L'article suivant, rédigé par Léo Cohn, s'intitule : "Le judaïsme au chantier". On pourrait penser que nous sommes loin de la vie dans la nature, or Léo pose immédiatement le lien qui existe entre le judaïsme et le monde, montrant que le vie religieuse est tout simplement LA VIE : "En dehors de beaux laïus, de tampons plus ou moins imaginaires sur les cartes d'identité , d'offices mal fréquentés et de cours d'hébreu obligatoires, le judaïsme devrait avoir une influence profonde sur toute notre vie, sur l'organisation du travail, sur le choix de nos cultures, aussi bien que sur nos menus, notre ménage, sur notre habillement et notre hygiène. Je ne puis assez répéter que le plan initial et essentiel de notre chantier prévoyait cette renaissance complète d'une VIE JUIVE. Et je prétendrai toujours que n'est pas à sa place dans un chantier E.I.F. celui qui ne souscrit pas entièrement au double idéal du retour des Juifs à la Terre - et du retour du judaïsme au Juifs."

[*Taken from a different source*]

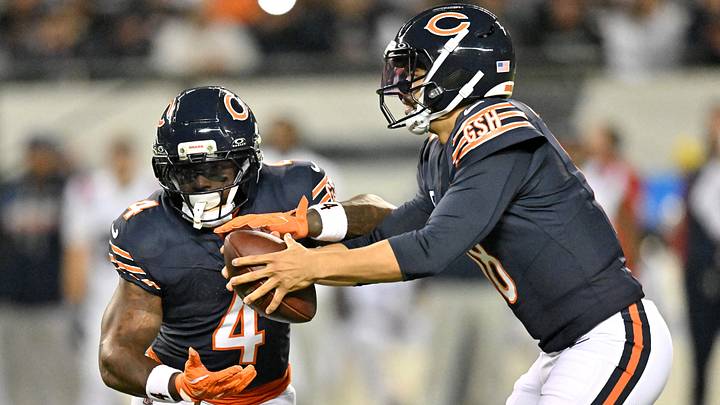 Chicago Bears quarterback Caleb Williams (18) fakes handing off the ball off to running back D'Andre Swift (4) against the New England Patriots during the first quarter at Soldier Field. Mandatory Credit: Patrick Gorski-Imagn Images Chicago Bears quarterback Caleb Williams (18) fakes handing off the ball off to running back D'Andre Swift (4) against the New England Patriots during the first quarter at Soldier Field. Mandatory Credit: Patrick Gorski-Imagn Images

Dans la suite de l'article, Léo prend l'exemple de la laiterie du chabbat et de la façon dont elle se doit de fonctionner en application de la Loi. Dans l'article suivant, le meme Léo Cohn adapte de l'hébreu un conte de Yehouda Steinberg sur les arbres attendant leur jugement le jour de Tou Bichvat :
"(...) Et les enfants sautent, dansent et s'amusent dans la neige, ils courent d'un arbre à l'autre et saluent chacun spécialement :
LÉ'HAYM ! Pour la vie, pommier ! et non pour la mort.
LIVRAKHA ! Pour la postérité, prunier ! et non pour la malédiction.

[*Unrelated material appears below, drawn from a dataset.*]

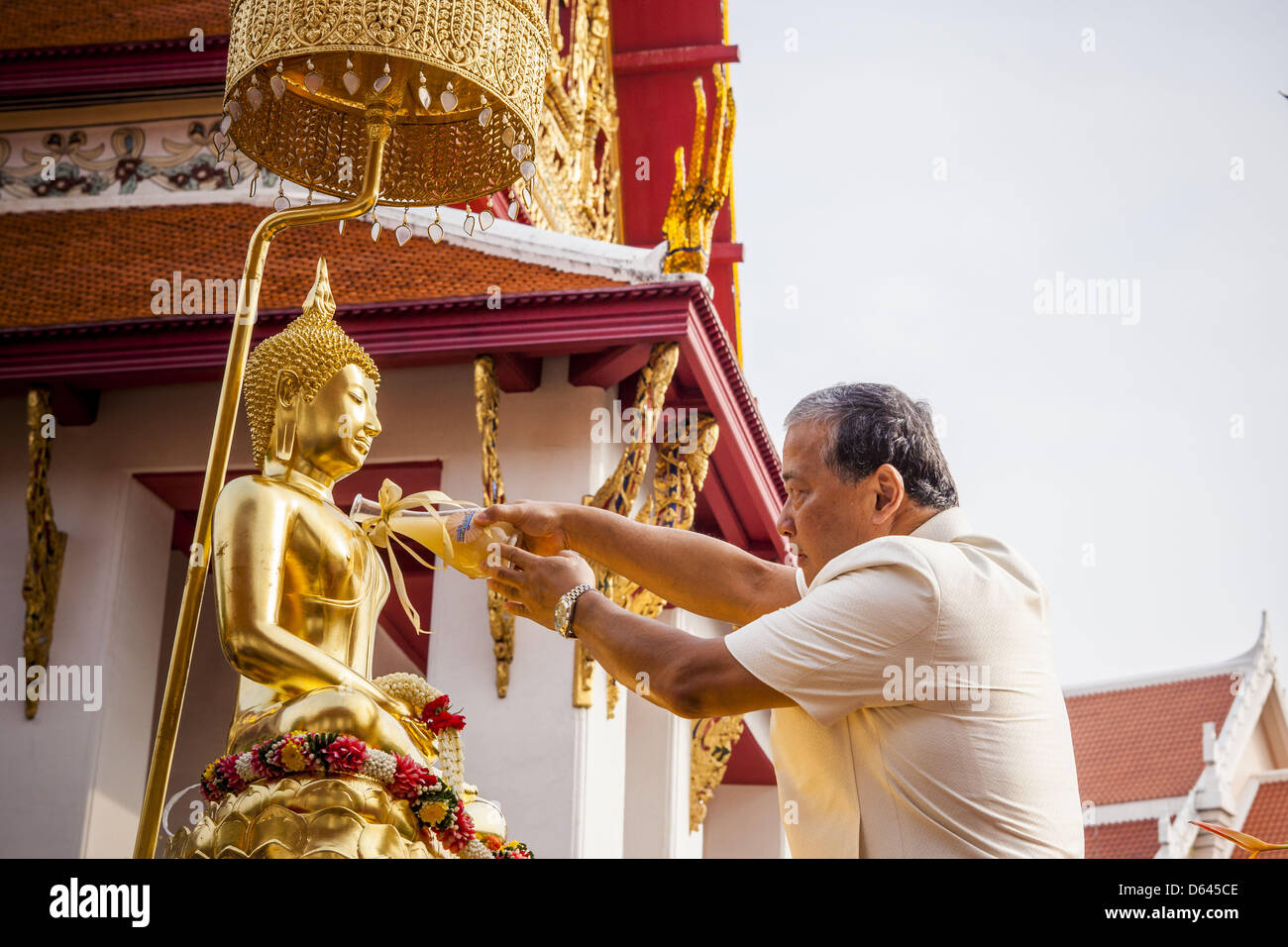 Bangkok, Thaïlande. 12 avril 2013. Gouverneur de Bangkok Sukhumbhand Paribatra baigne le Phra Buddha Sihing en huiles parfumées pendant le début de Bangkok Songkran observances. Le Phra Buddha Sihing vénéré, une statue de Bouddha, s'effectue par camion à travers les rues de Bangkok afin que les gens peuvent faire des offrandes et se baigner dans les huiles parfumées. Songkran est célébré en Thaïlande comme le traditionnel jour de l'an, du 13 au 16 avril.Credit : ZUMA Press, Inc. / Alamy Live News Banque D'Images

LASOVA ! Pour l'abondance ! cerisier ! et non pour la disette !"
Plus loin, Catapulte , dans un poème sur le 15 Chvat, explique que si, contrairement aux autres peuples, les grandes et les celliers d'Israël sont restés obscurs et désolés "c'est que tu as renié l'enseignement de Moïse et délaissé la doctrine de Dieu". Certes, on trouve aussi un article de Feufo Josette Rousso-Kauffmann qui, "Puisqu'il s'agit d'arbres...", rappelle au passage les mérites de l'école paysagiste du milieu du XIXè. Mais ce qui est frappant, malgré tout, c'est le lien qui parait si naturel aux chroniqueurs de Sois-Chic entre cette nature qui les entoure et qu'ils vivent, et ce judaïsme vivant qui les habite. De là, sans doute, le fait que dans Tivliout - Harmonie, paru en 1945 mais rédigé entre 1941 et 1943 à Lautrec, Castor place dans "La vie religieuse" tout ce qui est consacré à la nature et, pour nous, tout ce qui se rapporte à cette révolution écologique dont notre monde de 2019 a tant besoin. Terminons donc ce bref aperçu que j'ai tenté de tracer par quelques lignes du fondateur du mouvement des E.I. : "L'homme et le monde. - Sentiment de joie dans la nature. - La révélation dans la nature chez tous les mystiques de toutes les religions. La notion du rythme et de cycle. - L'idée juive de l'Alliance entre l'Homme, le Monde et Dieu."
Le "labour léger" à la ferme-école de Lautrec en 1942.